He seemed awfully thirsty, going for frequent trips to a water fountain just outside my office door. And every time he joined me for after-work drinks he asked lots of questions about myself, curious about my life in Texas and my family.
Finally, one night in mid-March a late night poker party led us back to his apartment and we kissed. I’m a bit ashamed that my first thought was: “Wow, he kisses just like a younger guy would.” I had imagined that he might kiss differently, but was pleasantly surprised to discover some things only get better with age.
We fell into an all-consuming infatuation. I slept at his apartment frequently and he took me on actual dates at nice restaurants. This blew the mind of a 21-year-old who had been romanced before with video games and potato chips.

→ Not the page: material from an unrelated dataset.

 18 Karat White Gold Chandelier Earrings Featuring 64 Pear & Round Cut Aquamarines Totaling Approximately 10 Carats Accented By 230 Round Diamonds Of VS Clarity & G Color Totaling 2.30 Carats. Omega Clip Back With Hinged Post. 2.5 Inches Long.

When the gossipy press corps learned of our relationship, Mark got all the high-fives and fist-pumps, while I got curious glances and probing questions.

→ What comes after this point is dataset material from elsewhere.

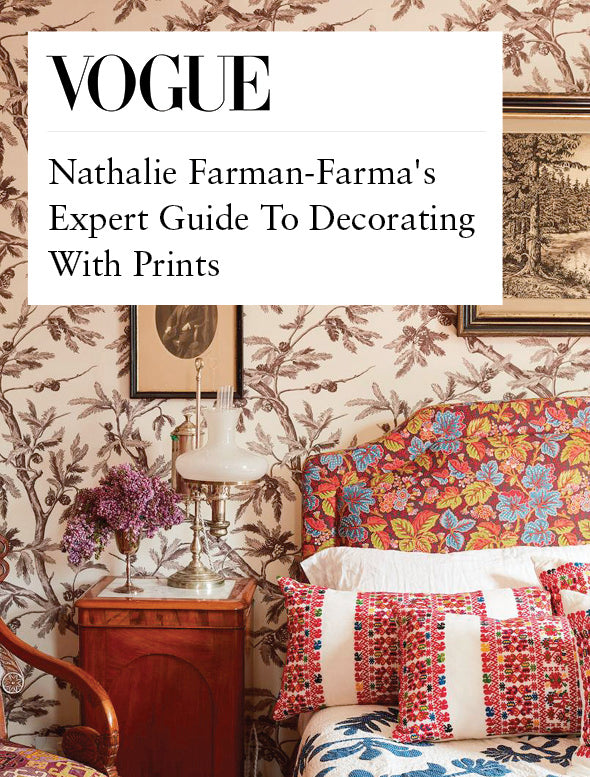 Decorative interior with floral wallpaper and colorful furniture, featuring Vogue magazine story about Décors Barbares.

For the most part, our age difference didn’t matter. The conversations flowed easily and we had our passion for journalism in common.
But I’d be lying if I said I didn’t question our relationship at times. I fretted over the long-term consequences. I pictured myself at 60, a working woman with plenty of energy, and Mark as a crippled old man of 78 with one foot in the nursing home.
When my internship ended in May, Mark helped me drive back to Texas. We vowed to try a long-distance relationship after exchanging “I love yous.”
I had been down this road before. One boyfriend sent love letters from Australia that got progressively shorter and less ardent before breaking up over a long-distance phone call.
With Mark, it was different. We sent dozens of e-mails a day and spent hours on the phone every night. We flew to visit one another every few months.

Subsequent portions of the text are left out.